God, this sucked. Fuck personal growth. Painfully itchy and agitating. People did this willingly?

“Beau.” Kate’s tone was as soft as the sympathy on her face when she tilted her head to take me in. “I’m sorry you held that all by yourself.”

“You’d have teased me,” I murmured, pressing my clammy hand to my heated cheek, hoping one could ease the other.

“Yeah, but I’d have hugged you afterward.” Practically an assault, her arms looped around my waist and squeezed tight. “You have two people in love with you, Beau-Bear. I’m not sure why you still feel insignificant. That seems pretty special to me.”

She released me, stepping back and slugging me in the gut. I huffed and clutched my stomach. Such an asshole, my sister.

“Love you, Katie-Pie.”

Kate squealed as I messed her hair with my hands, rubbing my palms until the static had the strands sticking to my skin.

She opened the door, chewing on her lip as she stared into the bright mid-day sun. “We’ll figure out what to do,” she said.

But I didn’t want them to have to figure out how to fix a mess I made.
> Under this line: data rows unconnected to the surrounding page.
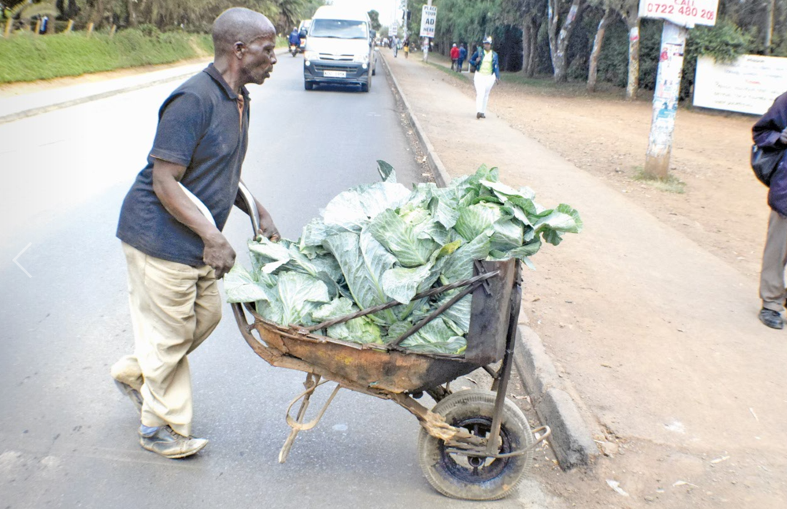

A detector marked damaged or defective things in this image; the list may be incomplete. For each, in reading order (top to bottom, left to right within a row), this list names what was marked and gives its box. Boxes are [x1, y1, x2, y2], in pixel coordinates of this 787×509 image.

rusty wheelbarrow tray [234, 183, 556, 500]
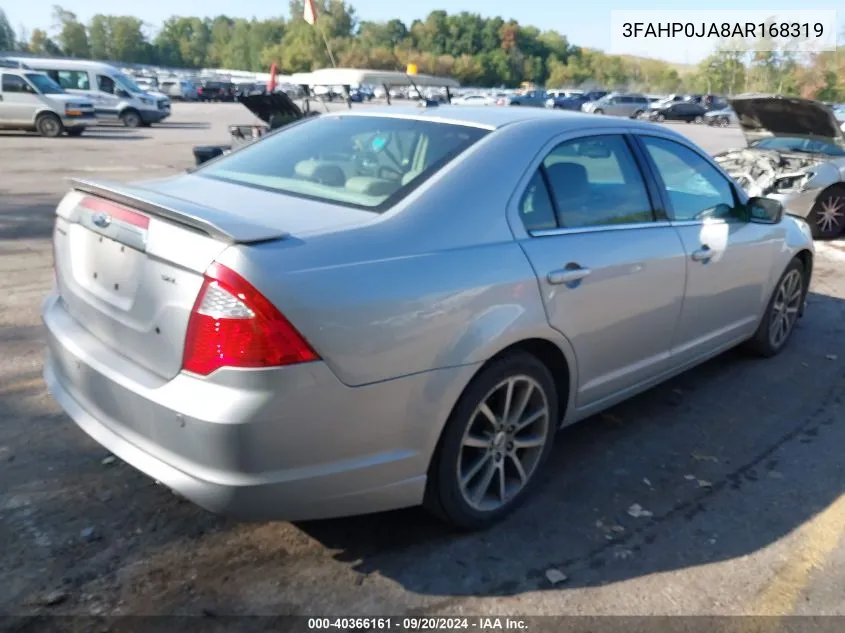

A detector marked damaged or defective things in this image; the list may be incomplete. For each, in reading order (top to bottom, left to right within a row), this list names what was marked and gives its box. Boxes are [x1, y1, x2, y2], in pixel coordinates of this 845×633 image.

damaged vehicle [712, 94, 844, 239]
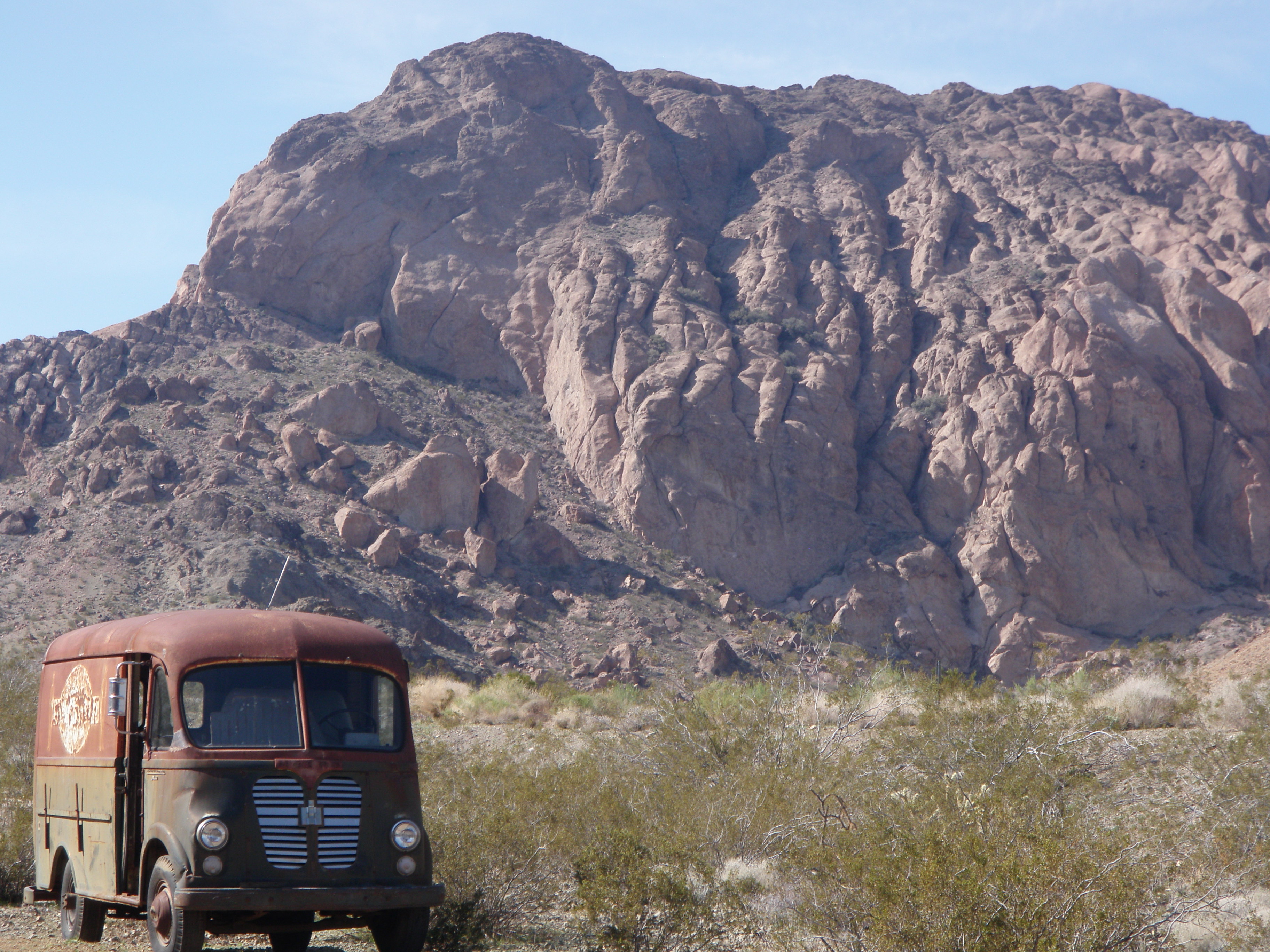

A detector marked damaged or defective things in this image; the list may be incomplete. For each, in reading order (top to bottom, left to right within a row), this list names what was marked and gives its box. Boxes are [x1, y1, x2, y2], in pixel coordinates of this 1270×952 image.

rusted roof of truck [43, 612, 406, 680]
rusty vintage panel truck [22, 612, 449, 952]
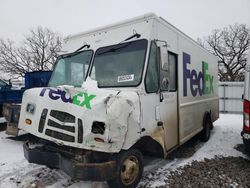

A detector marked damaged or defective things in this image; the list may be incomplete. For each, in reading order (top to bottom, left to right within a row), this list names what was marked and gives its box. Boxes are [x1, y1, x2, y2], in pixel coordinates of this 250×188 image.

damaged front bumper [23, 142, 117, 181]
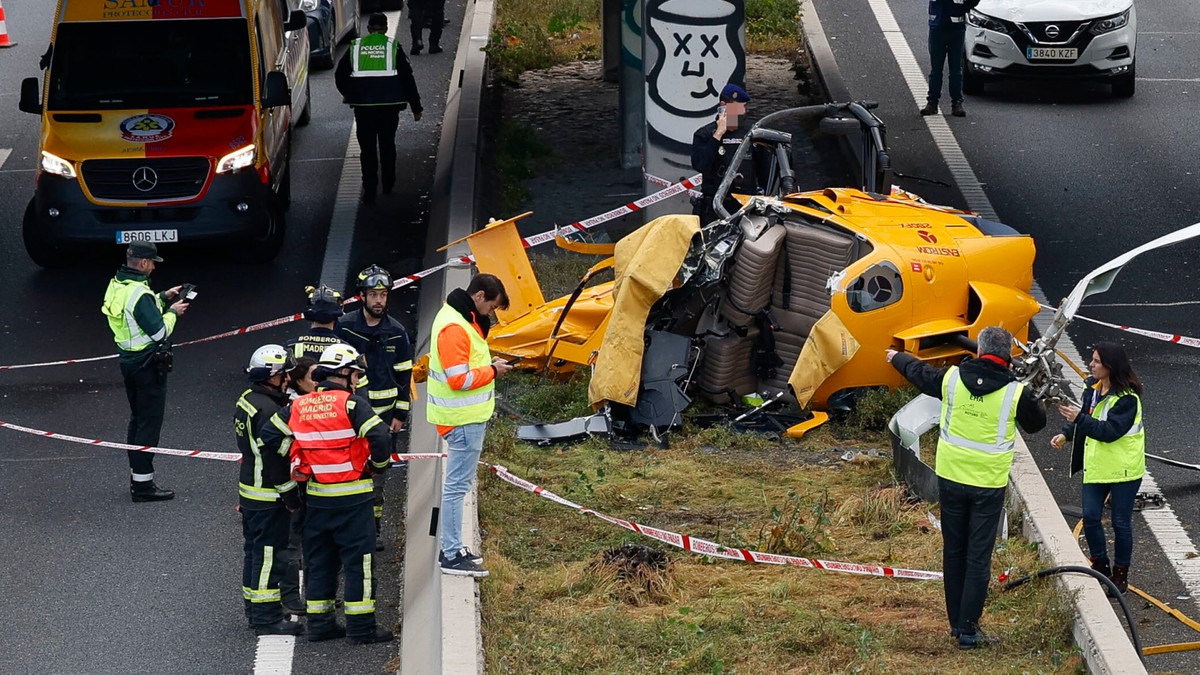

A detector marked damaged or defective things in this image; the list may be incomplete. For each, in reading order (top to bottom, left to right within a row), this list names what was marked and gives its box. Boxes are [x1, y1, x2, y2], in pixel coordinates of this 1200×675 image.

crashed yellow helicopter [448, 100, 1040, 438]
I wanted to fix it myself and prove that I could. Prove I was a man like Jake or my dad—men I loved and revered.

“This one is mine, Kate. My time to shine. I’m going to figure it out.” I rubbed my chin, considering my options.

There were scarcely any, but maybe one that could work, despite Jake’s protests. He’d done what was needed to take care of his family. I could get him to understand this would be no different. I would come back. I would.

My stomach tightened, a hard dread sinking like a weight, anchoring me in the uncomfortable truth of my worry. They might not want me when I come back in six months.

But they might not want me in six months, even if I stayed.